## Flowchart: Ouro Model Training Pipeline
### Overview
The image depicts a bifurcated training pipeline for Ouro models, showing two parallel processes (gold and blue paths) that converge at different stages. The diagram illustrates token quantity transformations and model development phases, with explicit token counts at each stage.
### Components/Axes
- **Paths**:
- Gold path (top): "Upcycle 2.6B" → "Stable Training 3T Tokens" → "CT Annealing 1.4T Tokens" → "LongCT 20B Tokens" → "Mid-Training 300B Tokens" → "Ouro-2.6B" → "Reasoning SFT" → "Ouro-2.6B Thinking"
- Blue path (bottom): "Keep 1.4B" → "Stable Training 3T Tokens" → "CT Annealing 1.4T Tokens" → "LongCT 20B Tokens" → "Mid-Training 300B Tokens" → "Ouro-1.4B" → "Reasoning SFT" → "Ouro-1.4B Thinking"

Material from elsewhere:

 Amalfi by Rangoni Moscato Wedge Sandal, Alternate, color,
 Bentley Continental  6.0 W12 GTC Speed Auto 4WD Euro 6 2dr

- **Arrows**: Labeled with token quantities (e.g., "Upcycle 2.6B", "Keep 1.4B")
- **Stages**:
- Warmup → Stable Training → CT Annealing → LongCT → Mid-Training → Ouro → Reasoning SFT → Ouro Thinking
- **Color Coding**:
- Gold (#FFD700) for the 2.6B path
- Blue (#0000FF) for the 1.4B path
### Detailed Analysis
1. **Initial Branching**:
- "Warmup" splits into two paths:
- Gold: "Upcycle 2.6B" (2.6B tokens)
- Blue: "Keep 1.4B" (1.4B tokens)
- Both paths converge at "Stable Training 3T Tokens"
2. **Token Reduction**:
- Gold path reduces from 2.6B → 1.4T (1,400B) → 20B → 300B tokens
- Blue path maintains 1.4B → 1.4T → 20B → 300B tokens
3. **Final Stages**:
- Both paths undergo "Reasoning SFT" before producing:
- Ouro-2.6B Thinking (gold)
- Ouro-1.4B Thinking (blue)
### Key Observations
- **Token Scaling**: The gold path starts with 2.6B tokens but undergoes significant reduction (2.6B → 1.4T → 20B → 300B), while the blue path maintains 1.4B consistency until final stages.
- **Convergence Points**: Both paths share identical stages after initial branching ("Stable Training" onward).
- **Model Output**: Final models differ only in naming (Ouro-2.6B vs. Ouro-1.4B), suggesting token quantity impacts final model size.
### Interpretation
This flowchart represents a token optimization pipeline for large language models. The gold path demonstrates aggressive token reduction (2.6B → 1.4T) through "Upcycle" and "CT Annealing" stages, while the blue path preserves initial token quantity. Both paths converge at "Stable Training" and share identical processing through "LongCT" and "Mid-Training" stages, suggesting these phases standardize token quality regardless of initial quantity. The final "Reasoning SFT" stage appears critical for developing the Ouro models' specialized thinking capabilities, with the token quantity difference (2.6B vs. 1.4B) potentially affecting model performance or specialization depth.